Joanne Lipman | |
---|---|
Born | June 18th, 1961 New Brunswick, NJ |
Occupation | Journalist, Editor, Author |
Notable credit(s) | "Strings Attached" , The Wall Street Journal , Conde Nast , The New York Times |
Joanne Lipman (born June 18, 1961) is Chief Content Officer of publishing company Gannett, and Editor-in-Chief of USA TODAY and the USA TODAY NETWORK, comprising the flagship title plus 109 local media organizations, including the Detroit Free Press, the Des Moines Register and the Arizona Republic. The CCO role, a new position, was created to unite Gannett's media properties into the nationwide USA TODAY NETWORK, encompassing the company's 3,000 journalists. Lipman is also currently working on a book for publisher William Morrow based on her viral Wall Street Journal article, "Women at Work: A Guide for Men." She is co-author, with Melanie Kupchynsky, of Strings Attached: One Tough Teacher and the Gift of Great Expectations, published by Hyperion in the U.S., with international editions in Europe and Asia. She was the founding Editor-in-Chief of Conde Nast Portfolio magazine and Portfolio.com website from 2005 to 2009. Previously she was a Deputy Managing Editor of The Wall Street Journal, the first woman to hold that position. She is a frequent television commentator on business issues, appearing on CNN, CNBC, CBS and other news outlets. She has also contributed to the New York Times.

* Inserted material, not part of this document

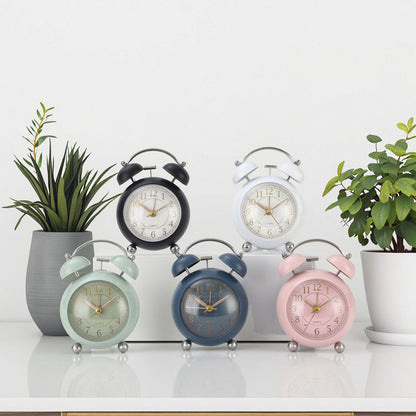 Classic Vintage Twin Bell Alarm Clock - Retro Style Desk Clock with Loud Alarm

A native of East Brunswick, New Jersey, Joanne Lipman graduated from East Brunswick High School and summa cum laude from Yale University with a B.A. degree in history. While a student at Yale, she worked as an intern for The Wall Street Journal, which she joined as a staff reporter upon graduating in 1983. In 1984 she reported that Alastair Reid, a staff writer for The New Yorker, had created composite characters and otherwise altered facts in his reporting. After covering the insurance and real estate beats, she created and wrote the Journal's daily Advertising column from 1989 through 1992. She served as a Page One editor of the Journal from 1992 through 1996.
In 1998, she created the Journal's popular Friday section, Weekend Journal. She served as its Editor-in-Chief through 2000, when she was named a Deputy Managing Editor of the newspaper, the first woman to hold that post. In 2002, she oversaw the creation of a new fourth section, Personal Journal. The New York Times described her role as the Journal's "innovator in chief."